Some Vietnamese analysts believe that the money may head for Vietnam, one of the most profitable frontier markets.

Nguyen Tu Anh from CIEM noted that the capital outflow from China would be a great opportunity for Vietnam.

If the Chinese stock market continues to fail and the Chinese economy continues to cool down, the trend of investors leaving China would become more apparent. 

Meanwhile, Vietnam is a reasonable alternative destination for investors.

Anh also said that the new policy on allowing foreign investors to hold up to 100 percent of stake in Vietnamese enterprises would encourage foreigners to pour money into Vietnamese stocks.

However, Dr. Le Dang Doanh, a renowned economist, noted that it is still too early to say whether the money would flow to Vietnam.

“I heard some analysts comment that Vietnam would get big benefits from the Chinese stock market turmoil because the investors fleeing from China would bring money to Vietnam.
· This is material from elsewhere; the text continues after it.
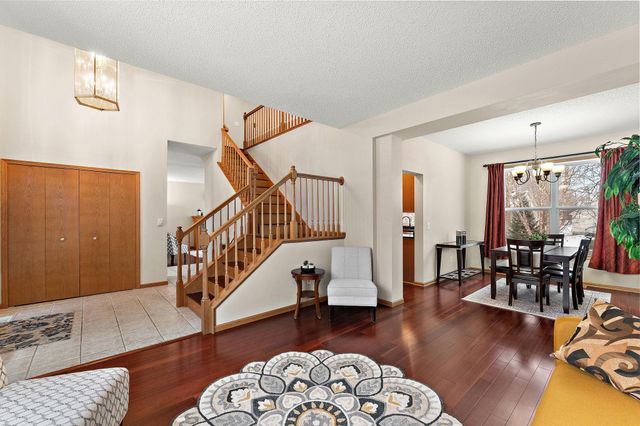 2430 Golf Drive, Woodbury, MN 55129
But I am not sure about that,” he said.

Le Hai Tra, deputy general director of the HCM City Stock Exchange (HOSE), said he did not know if the huge capital leaving China would go to Vietnam and when it would arrive. 

Tra noted that this would depend on investment funds and institutions’ investment policies, though he thinks the new decree on lifting the foreign ownership ratio in Vietnamese businesses could help lure foreign capital to Vietnam.

Meanwhile, an analyst said that one should not entertain any illusion that foreign capital would leave China for Vietnam.

“The capital would not go to Vietnam simply because the Vietnamese stock market remains very small, which cannot absorb trillions of dollars,” he said.

The analyst cited a report of the State Securities Commission (SSC) as saying that the 15-year-old stock market has a capitalization value equal to 32 percent of GDP only, while the figure would be 54 percent if counting the bond market’s capitalization.

“I don’t think big foreign investors will be interested in the Vietnamese market, because they do not intend to disburse small amounts of money,” he said.

Bizlive quoted an SSC senior official as saying that developing the Vietnamese stock market into a larger one with the scale equal to 100 percent of GDP is the most important target for the market management agency.